C’est Le Soir, le grand quotidien belge francophone, qui tirait hier la sonnette d’alarme.

« La crise du CETA est aussi une crise belgo-belge » écrivait-il en expliquant que l’impossibilité dans laquelle le royaume se trouve de signer l’accord commercial entre le Canada et l’Union européenne tant que la Wallonie y mettra son veto ne lui donnait pas une image de grande cohérence.

C’était élégamment dit, avec une volonté manifeste de ne pas jeter d’huile sur le feu, mais le fait est que ce traité met aux prises Flamands et Wallons, les frères ennemis de Belgique, puisque plus de 70% des premiers l’approuvent alors que la même proportion des seconds n’en veut pas, tel quel en tout cas.
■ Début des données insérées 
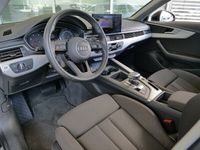 gebraucht Audi A4 Avant S-Line 35TDI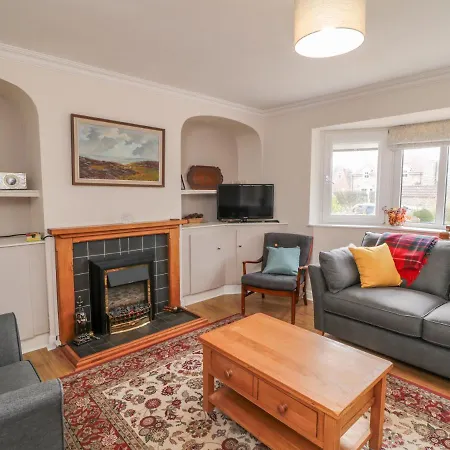 Runswick Feriehus York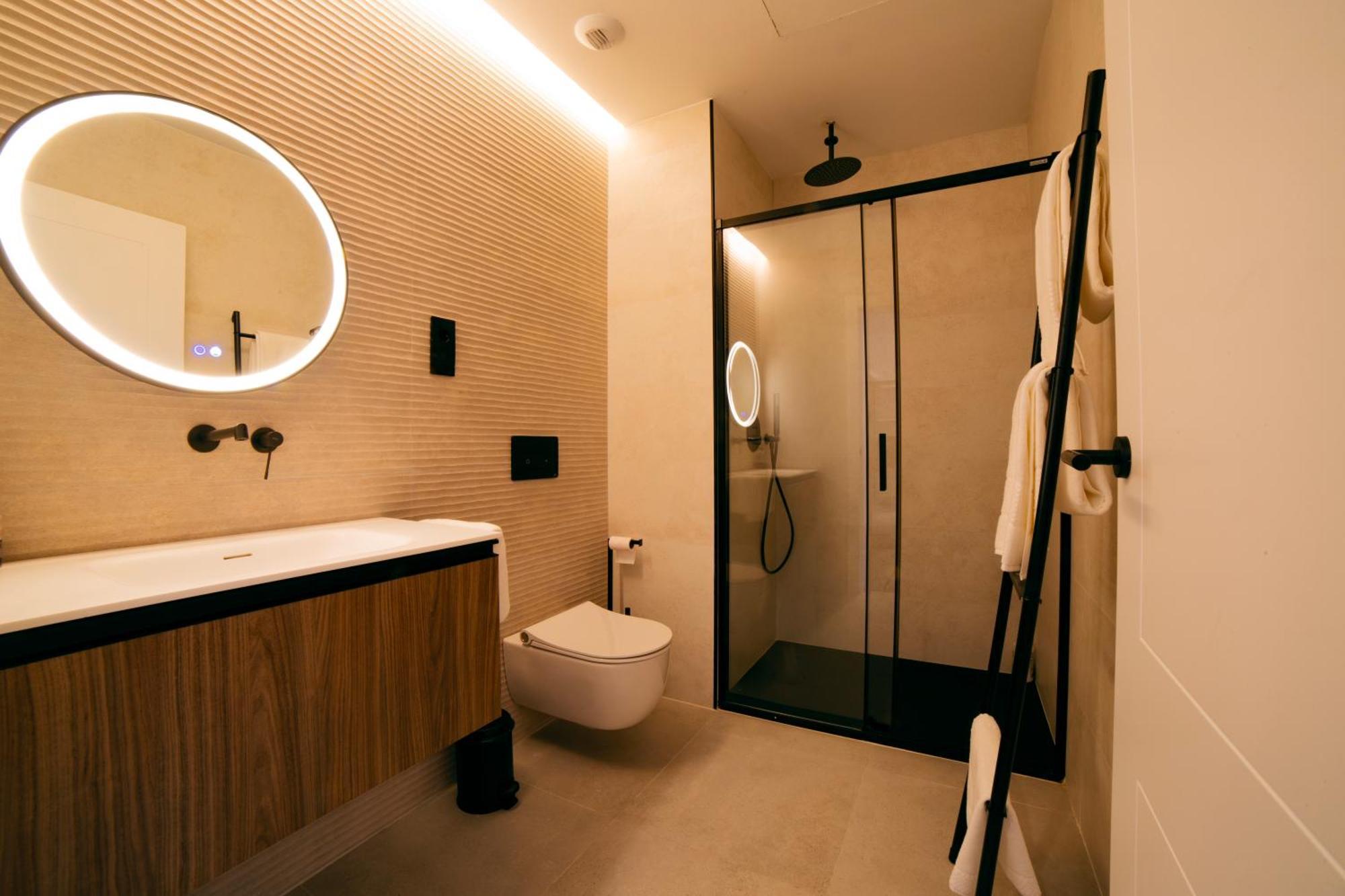 Demetrio By Alma Suites Βαλένθια Εξωτερικό φωτογραφία
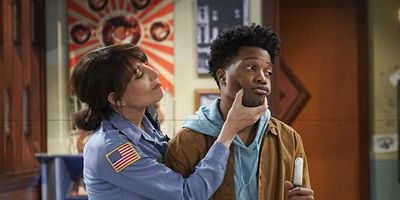 poster de la série Pilot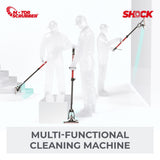 SHOCK Full Starter Kit by Motorscrubber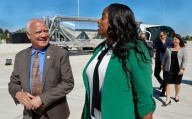 Illinois Tollway and Markham celebrate I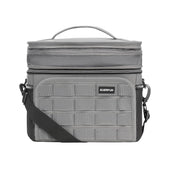 Grid Cooler Bag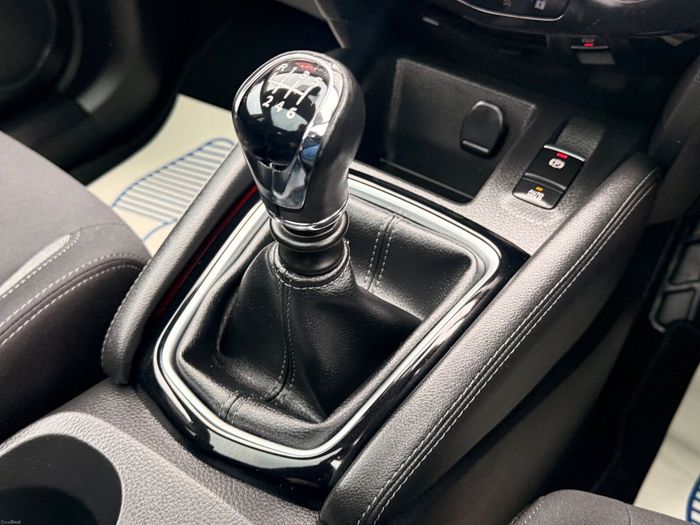 Nissan QASHQAI 2019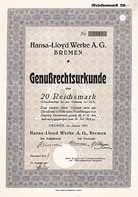 Hansa-Lloyd Werke AG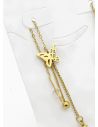 ARETES EN ACERO INOXIDABLE  316L/ANTIALERGICO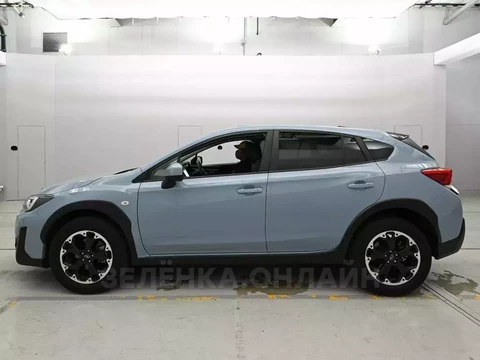 Subaru XV 2022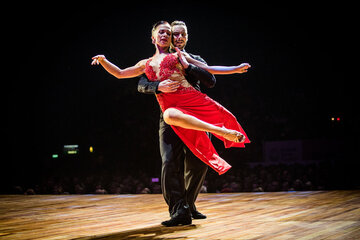 El Mundial de Tango BA abrió su inscripción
Une fois de plus, mais sur l’arène internationale cette fois-ci, néerlandophones et francophones ont des positions radicalement différentes et l’on retrouve là, on ne peut plus clairement, les racines de leurs éternelles divergences.
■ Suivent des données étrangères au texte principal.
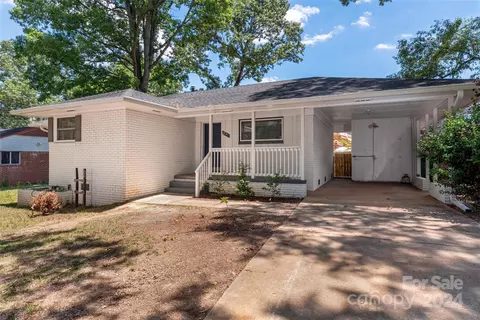 3721 Ellenwood Pl, Charlotte, NC 28217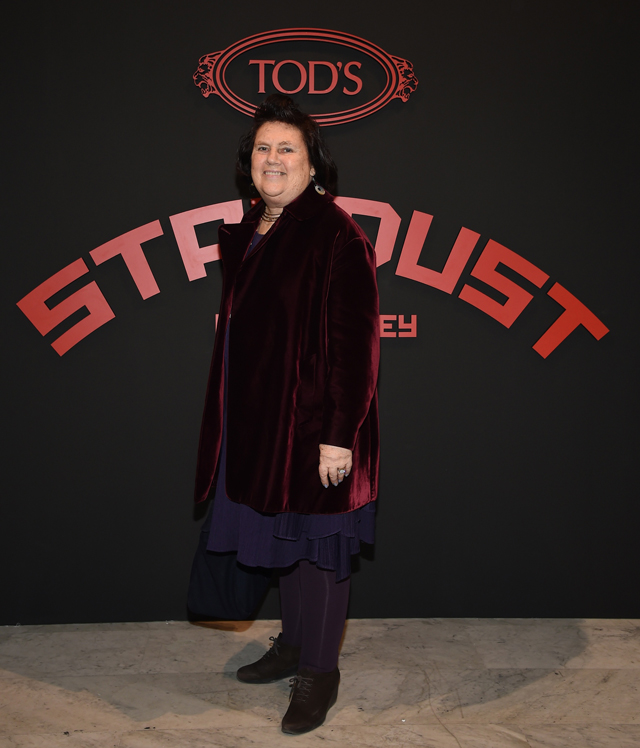 Tod's открыли фотовыставку в Милане (фото 1)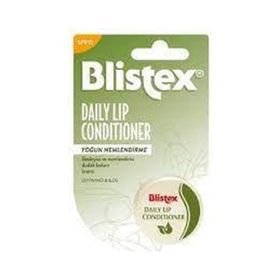 Blistex Daily Conditioner Lip Balm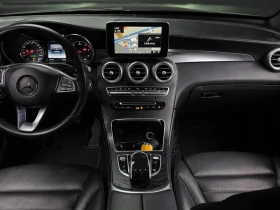 Mercedes-Benz GLC 220 D 4Matic Premium, снимка 7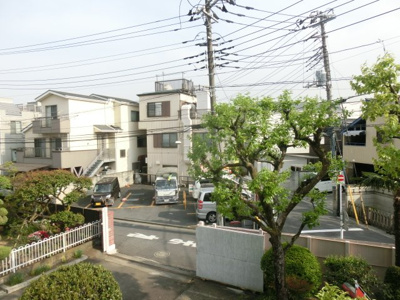 【展望】 | ウィンザーハイツ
Autrefois, la Wallonie était industrielle et riche et la Flandre paysanne et pauvre. Les Wallons étaient l’aristocratie et les Flamands, des gueux mais l’évolution économique a considérablement appauvri la Wallonie en frappant ses industries lourdes tandis que la Flandre a su s’adapter à la mondialisation des échanges et développer les nouveaux secteurs industriels les plus porteurs.

La Flandre, 6,5 millions d’habitants, truste 90% des échanges de la Belgique avec le Canada tandis que la Wallonie, 3,6 millions habitants craint qu’une nouvelle avancée du libre-échange ne la fragilise encore plus. La Belgique ce n’est pas que deux langues, sans compter l’allemand. C’est aussi deux pays, deux mondes que leurs intérêts ou la perception qu’ils en ont opposent toujours plus mais cette crise du CETA est venue souligner une autre réalité.

A force de pousser au développement séparé qu’ils souhaitaient, les nationalistes flamands ont fait du royaume une caricature d’Etat fédéral dans lequel l’exécutif ne peut absolument rien décider sans l’accord de toutes les communautés et régions. Millefeuille administratif et politique, la Belgique est devenue ingouvernable et remarquablement pagailleuse, même lorsque ses engagements internationaux sont en jeu.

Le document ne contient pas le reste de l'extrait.